LIN'S DUCK is a dancong oolong from the Lin family in Chaozhou, Guangdong, China. This is our second production of ya shi xiang (colloquially known as "duck shit") after our first was so warmly received. This year we decided to up the ante—older trees, higher elevation, lighter bake—by sourcing from our new friend Song Lin, a 3rd generation dancong producer in the heart of the Fenghuang (read: Phoenix) mountains, where warm, humid, and daily misty high mountain conditions nurture deep-rooted tea trees. Ya shi xiang, one of the most storied and valued productions among the dancong standards, is a serious art form among Chaozhou producers, requiring a precise hand through its semi-qing xiang ("light fragrance") oxidation process. Not unlike this year's da wu ye, light oxidation oolongs are fundamentally easier to get wrong, as the bruise must be tightly controlled and halted precisely (a job made more difficult by constant variations in post-wither moisture content)—and imperfect batches still sell at market. On the cupping table this lot sang to us with genuine high fragrance, a proper roast that accents the teas inherent fruit and florality, and that distinct body sensation unique to truly old / high mountain teas. It's not quite lao cong ("old tree"), but it's not xiao shu ("young tree") either; a fine example of the effect tree age has on a finished tea.
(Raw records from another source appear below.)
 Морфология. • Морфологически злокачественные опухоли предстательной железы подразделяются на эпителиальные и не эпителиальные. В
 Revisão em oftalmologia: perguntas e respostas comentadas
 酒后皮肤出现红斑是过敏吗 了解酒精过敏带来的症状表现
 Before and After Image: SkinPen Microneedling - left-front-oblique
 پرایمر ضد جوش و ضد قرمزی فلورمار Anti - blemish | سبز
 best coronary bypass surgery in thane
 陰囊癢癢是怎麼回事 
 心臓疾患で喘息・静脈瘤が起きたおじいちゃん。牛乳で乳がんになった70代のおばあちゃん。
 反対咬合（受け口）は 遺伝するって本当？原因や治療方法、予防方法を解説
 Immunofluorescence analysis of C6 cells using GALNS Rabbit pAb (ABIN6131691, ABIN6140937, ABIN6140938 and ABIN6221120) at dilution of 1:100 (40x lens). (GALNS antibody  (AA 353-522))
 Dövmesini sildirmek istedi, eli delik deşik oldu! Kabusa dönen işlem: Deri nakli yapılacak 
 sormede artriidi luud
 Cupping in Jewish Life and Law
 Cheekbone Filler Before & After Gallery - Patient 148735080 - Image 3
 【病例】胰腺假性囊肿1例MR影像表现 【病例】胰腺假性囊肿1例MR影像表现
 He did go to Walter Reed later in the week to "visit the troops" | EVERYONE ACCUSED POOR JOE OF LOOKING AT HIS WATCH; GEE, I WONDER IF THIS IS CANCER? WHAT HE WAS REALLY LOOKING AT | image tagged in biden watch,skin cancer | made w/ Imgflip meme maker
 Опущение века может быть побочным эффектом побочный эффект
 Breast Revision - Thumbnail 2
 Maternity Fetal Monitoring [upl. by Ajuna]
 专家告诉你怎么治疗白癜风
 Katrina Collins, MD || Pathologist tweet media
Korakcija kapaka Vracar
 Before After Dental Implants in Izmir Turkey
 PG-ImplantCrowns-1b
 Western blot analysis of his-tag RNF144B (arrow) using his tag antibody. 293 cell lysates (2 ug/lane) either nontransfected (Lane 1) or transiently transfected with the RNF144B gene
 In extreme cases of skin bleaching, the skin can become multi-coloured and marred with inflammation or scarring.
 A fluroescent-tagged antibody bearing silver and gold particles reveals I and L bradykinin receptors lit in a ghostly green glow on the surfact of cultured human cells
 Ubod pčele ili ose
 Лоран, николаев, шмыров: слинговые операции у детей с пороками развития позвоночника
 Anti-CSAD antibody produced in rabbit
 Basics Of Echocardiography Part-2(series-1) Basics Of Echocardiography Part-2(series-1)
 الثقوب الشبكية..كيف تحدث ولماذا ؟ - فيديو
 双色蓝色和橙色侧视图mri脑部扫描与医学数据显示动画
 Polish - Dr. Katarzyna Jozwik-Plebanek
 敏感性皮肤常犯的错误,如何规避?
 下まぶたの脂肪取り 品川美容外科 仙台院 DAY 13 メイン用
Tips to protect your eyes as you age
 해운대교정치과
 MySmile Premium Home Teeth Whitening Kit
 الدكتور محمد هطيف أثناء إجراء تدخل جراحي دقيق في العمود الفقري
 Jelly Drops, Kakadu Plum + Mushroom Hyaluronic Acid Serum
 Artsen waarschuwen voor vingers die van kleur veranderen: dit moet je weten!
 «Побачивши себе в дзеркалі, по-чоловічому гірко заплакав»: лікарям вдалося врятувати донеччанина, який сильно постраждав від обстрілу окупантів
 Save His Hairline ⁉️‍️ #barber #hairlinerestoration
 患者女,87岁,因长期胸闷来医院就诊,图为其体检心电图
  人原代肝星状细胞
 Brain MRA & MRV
To produce his spring ya shi xiang, Song's family hand-harvests 2-3 half-matured leaves from each shoot (excepting the buds), withers the material in the sun (on a nice day) or indoors with fans, bruises to about 45% oxidation by rolling in cloth sacks (think bread kneading), and then bakes the the tea in two rounds: first at 95ºC for 10 hours, then at 105ºC for 8 hours. His 80 year old ya shi xiang trees grow at 800 meters, and it shows—this tea is layered with the fermented depth of teas grown under stress, atop all the usual fruit and flowers of duck shit. Reminiscent of a dry pét-nat.
Our recommendation for steeping duck shit (how about that sentence?) is always the same: use gongfu grammage (5-7g per 115 ml) with water well-off the boil (185ºF-190ºF) for sparkling body and tropical tree fruit; slightly longer for a drying mouthful of flowers. Do not—we repeat—do not boil this tea, unless you want dry mouth like never before and the 5-cups-of-coffee shakes.